◆ **DATA SECTION**:
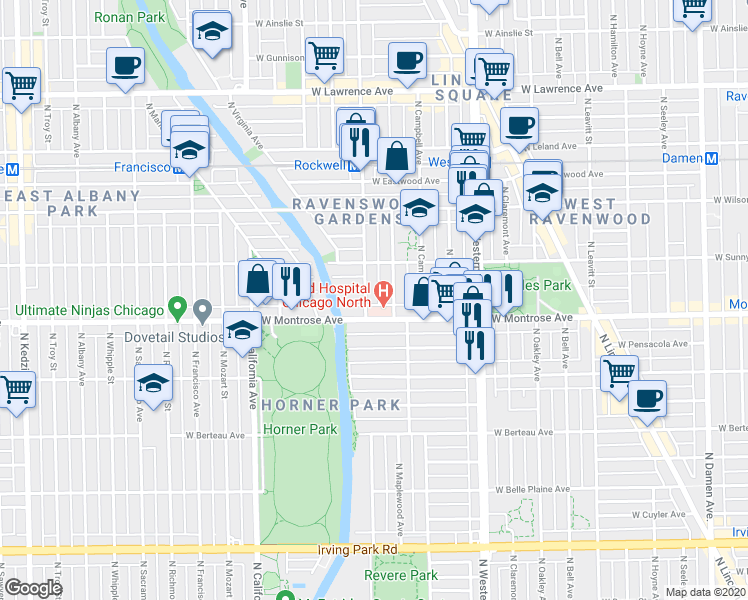 map of restaurants, bars, coffee shops, grocery stores, and more near 4438 North Maplewood Avenue in Chicago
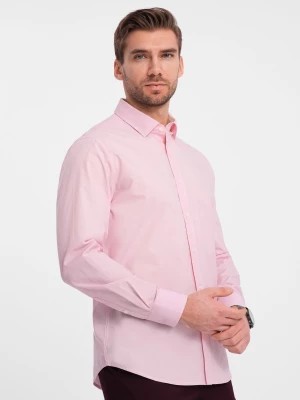 Zdjęcie produktu Bawełniana klasyczna koszula REGULAR - jasnoróżowa V2 OM-SHOS-0154
 -                                    L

◆ **WHAT YOU NEED TO DO**:
The complete material, set down exactly and stripped of pictures, is the expected response.

◆ **YOUR RESPONSE**:
 map of restaurants, bars, coffee shops, grocery stores, and more near 4438 North Maplewood Avenue in Chicago
 Zdjęcie produktu Bawełniana klasyczna koszula REGULAR - jasnoróżowa V2 OM-SHOS-0154
 -                                    L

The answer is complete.